DESCRIPTION (provided by applicant): Our long-term objective is ,to understand the pathophysiology of autosomal dominant polycystic kidney disease (ADPKD) as a basis for therapy. Autosomal dominant polycystic kidney disease (ADPKD) is the most common lethal monogenic genetic diseases of man, affecting approximately 1 in 1,000 individuals. ADPKD leads to cystic replacement of renal tissue and progressive renal failure, requiring renal replacement therapy in half of the cases by age 50. It is a systemic disease involving the kidney, liver, pancreas, arteries and the heart. Mutations in PKD1 and PKD2 cause almost all cases of ADPKD. PKD1 and PKD2 encode polycystin-1and-2 (PC1 and PC2), respectively. We have recently shown that PC1 acts as a G-protein coupled receptor and PC2 functions as a Ca2+permeable cation channel. PC1 and PC2 receptor channel complex play a critical role in mechanosensation of fluid flow shear stress. We have shown that native PC2 functions as a Ca2+ permeable cation selective ion channel in renal epithelial cells. Mostly recently, we have shown that PC2 channel, in concert with PC1, regulates cell cycle progression by serving as a membrane anchor and directly regulates the cytosol/nuclear translocation of Id2, a transcription regulator. The major object of this renewal proposal is to continue our studies on PC2 to understand the signaling pathways mediated by polycystins and the molecular mechanisms leading to cyst formation. We will focus on 5 lines of investigation: 1) we will characterize a germline Pkd2 knockout mice we recently generated; 2) we will generate adult PC2 knockout mouse models by disrupting the pore region of PC2; 3) we will determine the physiological significance of PC2-ld2 interaction; 4) we will develop kidney epithelial cell lines from Pkd2 mutants and their wild type littermates; 5) we will study the effect of PC2 mutation on PC2 mediated signaling pathway in cells and in vivo. These studies are likely to lead to new developments of therapies that may palliate or cure ADPKD.
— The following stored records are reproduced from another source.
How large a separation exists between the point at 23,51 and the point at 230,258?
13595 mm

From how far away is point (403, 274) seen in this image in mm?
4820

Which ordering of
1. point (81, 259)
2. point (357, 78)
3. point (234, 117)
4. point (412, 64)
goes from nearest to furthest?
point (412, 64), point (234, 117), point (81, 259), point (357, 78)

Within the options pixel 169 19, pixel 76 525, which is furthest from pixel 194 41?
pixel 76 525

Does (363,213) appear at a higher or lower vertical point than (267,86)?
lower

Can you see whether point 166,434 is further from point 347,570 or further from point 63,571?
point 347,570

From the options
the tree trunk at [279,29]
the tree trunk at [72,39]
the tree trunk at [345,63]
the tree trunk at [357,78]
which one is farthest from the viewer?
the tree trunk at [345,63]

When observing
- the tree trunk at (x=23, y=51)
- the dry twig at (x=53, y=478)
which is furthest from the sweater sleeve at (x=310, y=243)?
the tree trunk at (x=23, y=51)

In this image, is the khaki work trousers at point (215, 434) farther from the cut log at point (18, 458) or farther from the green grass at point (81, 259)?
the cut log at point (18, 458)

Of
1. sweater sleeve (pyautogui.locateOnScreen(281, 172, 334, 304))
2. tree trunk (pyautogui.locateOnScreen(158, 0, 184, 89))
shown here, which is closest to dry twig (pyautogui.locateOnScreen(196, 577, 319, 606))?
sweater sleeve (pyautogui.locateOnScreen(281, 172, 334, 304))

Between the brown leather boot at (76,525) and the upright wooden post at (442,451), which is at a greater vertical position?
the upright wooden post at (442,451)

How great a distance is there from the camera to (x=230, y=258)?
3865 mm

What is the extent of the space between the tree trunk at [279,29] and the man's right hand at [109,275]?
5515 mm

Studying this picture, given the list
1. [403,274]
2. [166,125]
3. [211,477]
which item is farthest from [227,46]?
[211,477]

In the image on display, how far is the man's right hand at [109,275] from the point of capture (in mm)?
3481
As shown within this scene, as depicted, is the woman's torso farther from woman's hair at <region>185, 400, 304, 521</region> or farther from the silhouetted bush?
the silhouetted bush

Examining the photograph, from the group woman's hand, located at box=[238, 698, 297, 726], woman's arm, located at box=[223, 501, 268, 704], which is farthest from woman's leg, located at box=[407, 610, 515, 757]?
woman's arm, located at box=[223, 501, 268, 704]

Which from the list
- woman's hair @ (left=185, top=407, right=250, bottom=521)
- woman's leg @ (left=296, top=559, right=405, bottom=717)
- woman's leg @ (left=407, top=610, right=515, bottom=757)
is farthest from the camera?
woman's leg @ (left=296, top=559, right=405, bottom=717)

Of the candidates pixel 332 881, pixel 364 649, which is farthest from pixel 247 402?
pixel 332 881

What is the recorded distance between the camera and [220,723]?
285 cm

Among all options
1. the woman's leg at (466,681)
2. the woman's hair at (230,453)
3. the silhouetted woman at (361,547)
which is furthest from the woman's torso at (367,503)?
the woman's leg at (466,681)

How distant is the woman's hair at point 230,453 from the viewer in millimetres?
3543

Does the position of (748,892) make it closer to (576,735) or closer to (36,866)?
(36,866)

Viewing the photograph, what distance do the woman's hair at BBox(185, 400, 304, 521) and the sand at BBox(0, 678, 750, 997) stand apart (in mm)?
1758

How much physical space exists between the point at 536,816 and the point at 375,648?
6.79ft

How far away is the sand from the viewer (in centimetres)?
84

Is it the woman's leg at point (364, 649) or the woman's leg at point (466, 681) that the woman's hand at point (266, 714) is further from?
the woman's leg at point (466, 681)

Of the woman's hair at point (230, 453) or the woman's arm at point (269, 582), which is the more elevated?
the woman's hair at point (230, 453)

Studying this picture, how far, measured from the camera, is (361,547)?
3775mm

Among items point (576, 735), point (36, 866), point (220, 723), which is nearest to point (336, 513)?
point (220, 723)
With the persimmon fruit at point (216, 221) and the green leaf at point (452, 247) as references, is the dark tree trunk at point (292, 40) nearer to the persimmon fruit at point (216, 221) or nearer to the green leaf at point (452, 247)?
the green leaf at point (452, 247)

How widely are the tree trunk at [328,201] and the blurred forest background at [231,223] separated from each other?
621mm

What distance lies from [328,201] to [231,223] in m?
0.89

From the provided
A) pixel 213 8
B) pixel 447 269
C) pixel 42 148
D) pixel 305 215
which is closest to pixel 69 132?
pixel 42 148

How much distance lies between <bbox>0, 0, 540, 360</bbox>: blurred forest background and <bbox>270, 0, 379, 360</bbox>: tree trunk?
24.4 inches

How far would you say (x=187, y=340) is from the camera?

描述（由申请人提供）：我们的长期目标是了解常染色体显性多囊肾病（ADPKD）的病理生理学，作为治疗的基础。常染色体显性多囊肾病 (ADPKD) 是人类最常见的致命性单基因遗传病，影响大约千分之一的人。 ADPKD 会导致肾组织囊性替代和进行性肾功能衰竭，一半的病例在 50 岁时需要进行肾脏替代治疗。它是一种涉及肾脏、肝脏、胰腺、动脉和心脏的全身性疾病。几乎所有 ADPKD 病例都是由 PKD1 和 PKD2 突变引起。 PKD1 和 PKD2 分别编码多囊蛋白-1 和-2（PC1 和 PC2）。我们最近证明 PC1 作为 G 蛋白偶联受体，而 PC2 作为 Ca2+ 渗透性阳离子通道。 PC1 和 PC2 受体通道复合体在流体流动剪切应力的机械感觉中发挥着关键作用。我们已经证明，天然 PC2 在肾上皮细胞中起到 Ca2+ 渗透性阳离子选择性离子通道的作用。最近，我们发现 PC2 通道与 PC1 协同作用，通过充当膜锚来调节细胞周期进程，并直接调节转录调节因子 Id2 的胞质/核易位。这项更新提案的主要目的是继续我们对 PC2 的研究，以了解多囊蛋白介导的信号通路以及导致囊肿形成的分子机制。我们将重点研究 5 个方向：1）我们将表征我们最近生成的种系 Pkd2 敲除小鼠； 2）我们将通过破坏PC2的孔区域来生成成年PC2敲除小鼠模型； 3）我们会 确定 PC2-ld2 相互作用的生理意义； 4）我们将从Pkd2突变体及其野生型同窝培养肾上皮细胞系； 5）我们将研究PC2突变对细胞和体内PC2介导的信号通路的影响。这些研究可能会带来缓解或治愈 ADPKD 疗法的新进展。